This collection of images tells the story of the escape of a frenzied daily life, intuitively expressed through analog photography. For me, it represents the cathartic experience of shedding all but the essentials – my husband, Douglas, a backpack, a camera, thirty rolls of 35mm film and a quota of eleven shots per day – during my honeymoon. For three months, we traveled South America on foot, hitch-hiking, by bus and by train. Beginning our journey in the depths of Patagonia, we slowly made our way up through Argentina, Chile and Bolivia, in order to reach the highest peaks of Peru. Through my sense of minimalism, paramount both in my aesthetics and in my way of life, my goal was to evoke the same sense of serenity these wide spaces and their multiple textures inspired. While digital photography seems to have an almost instantaneous expiry date since the advent of social media, film photography offered me the true luxury of taking my time. The long waiting times between the snap of the shutter and the reception of the scans gave me the opportunity to mature my photographs and my process at my own pace. Pure product of the Y generation, living at a hundred kilometers an hour in a society that no longer takes time to breathe, I pondered each shot carefully. Without the internet, without phone, without batteries and without constraints, I felt, for the first time, free to roam as I pleased and savor the extraordinary sensation of being alive, in harmony with myself and the surrounding nature.

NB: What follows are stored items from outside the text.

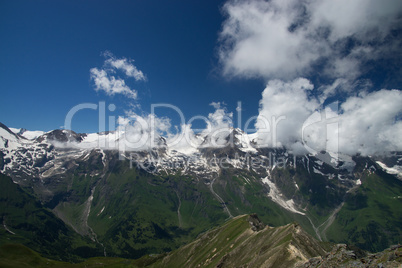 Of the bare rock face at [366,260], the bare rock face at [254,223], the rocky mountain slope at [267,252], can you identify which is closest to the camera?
the bare rock face at [366,260]

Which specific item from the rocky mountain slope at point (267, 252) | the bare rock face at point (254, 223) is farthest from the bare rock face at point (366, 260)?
the bare rock face at point (254, 223)

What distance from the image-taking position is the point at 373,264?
129ft

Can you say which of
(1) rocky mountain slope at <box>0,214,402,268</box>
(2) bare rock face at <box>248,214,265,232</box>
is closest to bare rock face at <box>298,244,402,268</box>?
(1) rocky mountain slope at <box>0,214,402,268</box>

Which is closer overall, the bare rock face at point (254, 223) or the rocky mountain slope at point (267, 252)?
the rocky mountain slope at point (267, 252)

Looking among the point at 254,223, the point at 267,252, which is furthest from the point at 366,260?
the point at 254,223

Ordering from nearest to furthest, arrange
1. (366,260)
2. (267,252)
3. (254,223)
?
(366,260) < (267,252) < (254,223)

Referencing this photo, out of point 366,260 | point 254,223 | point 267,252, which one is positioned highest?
point 366,260

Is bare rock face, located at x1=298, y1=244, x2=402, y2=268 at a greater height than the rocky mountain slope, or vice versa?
bare rock face, located at x1=298, y1=244, x2=402, y2=268

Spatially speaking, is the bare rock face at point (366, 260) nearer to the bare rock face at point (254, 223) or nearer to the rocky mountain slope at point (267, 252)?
the rocky mountain slope at point (267, 252)

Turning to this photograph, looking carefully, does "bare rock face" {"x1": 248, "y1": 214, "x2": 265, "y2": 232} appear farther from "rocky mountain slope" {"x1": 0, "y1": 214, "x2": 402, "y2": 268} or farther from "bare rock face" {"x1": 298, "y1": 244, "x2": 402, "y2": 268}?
"bare rock face" {"x1": 298, "y1": 244, "x2": 402, "y2": 268}

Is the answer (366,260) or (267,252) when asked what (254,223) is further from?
(366,260)

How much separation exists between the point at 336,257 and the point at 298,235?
138ft

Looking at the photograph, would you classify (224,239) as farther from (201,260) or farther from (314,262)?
(314,262)

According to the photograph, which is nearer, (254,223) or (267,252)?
(267,252) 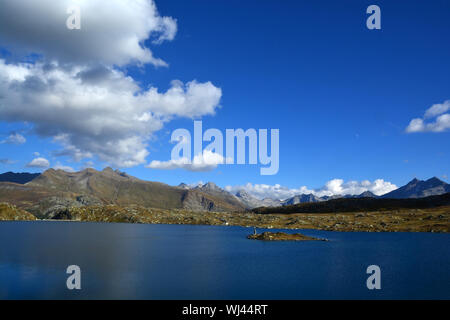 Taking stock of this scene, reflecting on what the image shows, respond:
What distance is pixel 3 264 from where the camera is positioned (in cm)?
7419

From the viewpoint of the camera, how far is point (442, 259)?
308 feet

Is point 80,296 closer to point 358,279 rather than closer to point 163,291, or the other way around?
point 163,291

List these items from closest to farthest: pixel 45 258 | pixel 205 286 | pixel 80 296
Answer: pixel 80 296
pixel 205 286
pixel 45 258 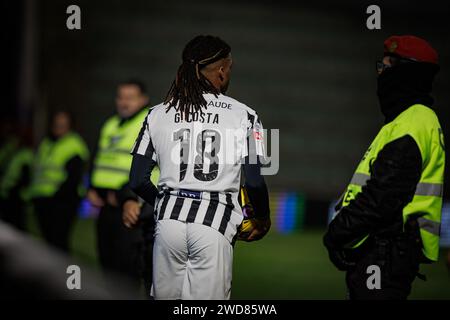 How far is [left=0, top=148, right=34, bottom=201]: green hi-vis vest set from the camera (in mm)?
11586

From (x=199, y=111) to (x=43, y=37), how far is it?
14.0m

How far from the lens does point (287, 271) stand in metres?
10.1

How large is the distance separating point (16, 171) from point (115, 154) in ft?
16.7

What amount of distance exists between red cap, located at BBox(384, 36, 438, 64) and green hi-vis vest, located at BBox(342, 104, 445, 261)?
268 millimetres

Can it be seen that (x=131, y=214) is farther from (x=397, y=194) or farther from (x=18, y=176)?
(x=18, y=176)

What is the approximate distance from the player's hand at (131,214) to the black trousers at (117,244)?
46 cm

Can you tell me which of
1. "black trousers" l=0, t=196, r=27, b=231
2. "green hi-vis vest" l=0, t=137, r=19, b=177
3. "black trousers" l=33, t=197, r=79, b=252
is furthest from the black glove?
"green hi-vis vest" l=0, t=137, r=19, b=177

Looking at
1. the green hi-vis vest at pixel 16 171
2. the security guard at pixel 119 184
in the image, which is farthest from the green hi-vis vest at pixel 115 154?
the green hi-vis vest at pixel 16 171

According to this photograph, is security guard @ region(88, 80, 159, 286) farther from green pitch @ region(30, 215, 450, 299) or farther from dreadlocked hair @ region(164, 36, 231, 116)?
dreadlocked hair @ region(164, 36, 231, 116)

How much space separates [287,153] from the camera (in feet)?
55.5

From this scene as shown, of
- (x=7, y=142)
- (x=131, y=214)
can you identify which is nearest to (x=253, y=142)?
(x=131, y=214)

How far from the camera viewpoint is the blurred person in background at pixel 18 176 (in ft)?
38.0

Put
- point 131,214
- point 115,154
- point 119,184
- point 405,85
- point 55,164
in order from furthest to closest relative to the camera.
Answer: point 55,164, point 115,154, point 119,184, point 131,214, point 405,85

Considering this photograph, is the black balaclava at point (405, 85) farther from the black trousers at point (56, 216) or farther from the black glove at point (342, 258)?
the black trousers at point (56, 216) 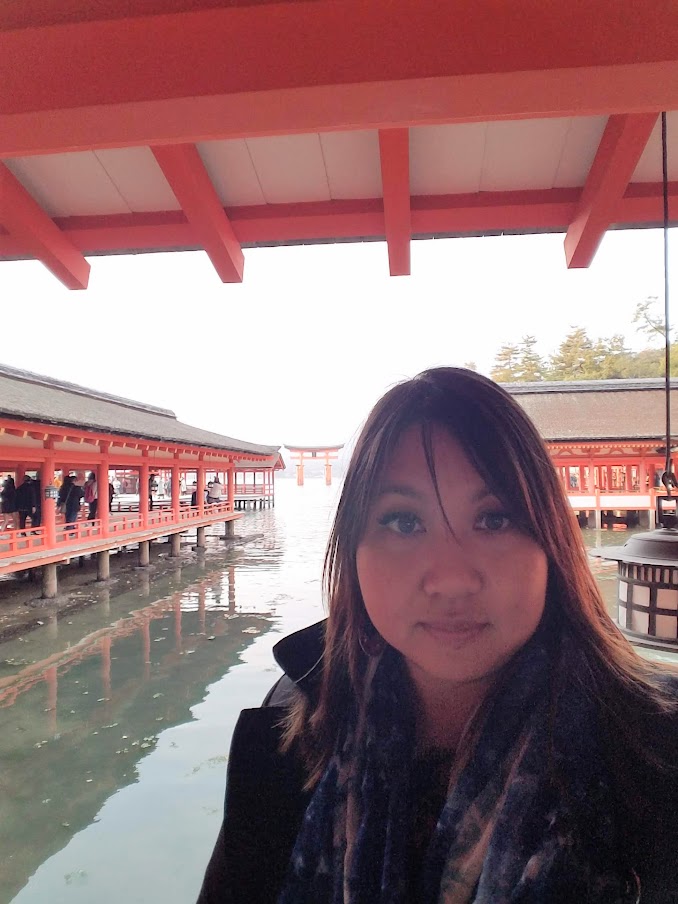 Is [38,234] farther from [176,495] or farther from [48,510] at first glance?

Since 2015 I have been reveling in the pace and rhythm of analogue photography. One cannot afford to be unfocused; you must be in the moment, and each moment seems elongated as you are made to wait for the perfect shot – for exposures are finite, and each is precious. This preciousness is portrayed both in the attention with which I capture moments, and our own human delicacy when compared to the
monumental spectacles and vastness so often showcased in my work.